During a year there has been no variation in the general well-being of Inez, although she has been taken to hospitals in at least two more towns and has figured again as a sufferer from tuberculosis and appendicitis, and has written several times to friends that she was about to be operated on.

The diagnoses of several competent medical men are that the girl is a simulator or is an hysterical, and their findings show that she has lied tremendously about her past. (There were never any positive signs of hysteria, and our own opinion is that the case is much better called one of extreme simulation and misrepresentation, as in the diabetes and sputum affairs, etc., and of self-mutilation, as with the hairpin.)

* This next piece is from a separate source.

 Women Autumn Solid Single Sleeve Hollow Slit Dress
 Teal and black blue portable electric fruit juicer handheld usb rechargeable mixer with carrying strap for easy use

We have had ample opportunity to become acquainted with Inez's mental qualities. She has repeatedly been given tests for mental ability. As judged by the average of those seen in our court work we are forced to regard her as having ability clearly above the normal. Her perceptions are keen and quick. She works planfully and rapidly with our concrete problems and shows good powers of mental representation. It is notable that she is very keen to do her best on tests and takes much delight in a good record. Her psychomotor control is astonishingly good. In a certain tapping test, which we consider well done if the individual has succeeded in tapping in 90 squares in 30 seconds, she did 117 and 129 at two successive trials with only one error in each. This is next to the best record we have ever seen. Our puzzle box, which is seldom opened in less than 2 minutes, she planfully attacked and conquered in 52 seconds. She also rapidly put it together again, which is an unusual performance. Reaction times on the antonym test, giving the opposites to words, were very low; average 1.4 seconds. Her immediate memory for words was normal, but nothing extraordinary. She gave correctly, although not quite in logical order, 18 out of 20 items on a passage which she read herself. On a passage read four times to her she gave 11 out of 12 items in correct sequence. The Kent-Rosanoff association test showed, to our surprise, nothing peculiar. Notwithstanding her known social characteristics, there were very few egocentric or subjective reactions.

Nor did the ``Aussage'' test show great peculiarity. On free recital she gave 17 items, two of which were incorrect. They were misinterpretations rather than inventions, however. On questioning she added 15 items. She was incorrect on 5 more details, but all of these were denials of objects actually to be seen in the picture. Not one was a fictitious addition. She rejected all the 6 suggestions proffered.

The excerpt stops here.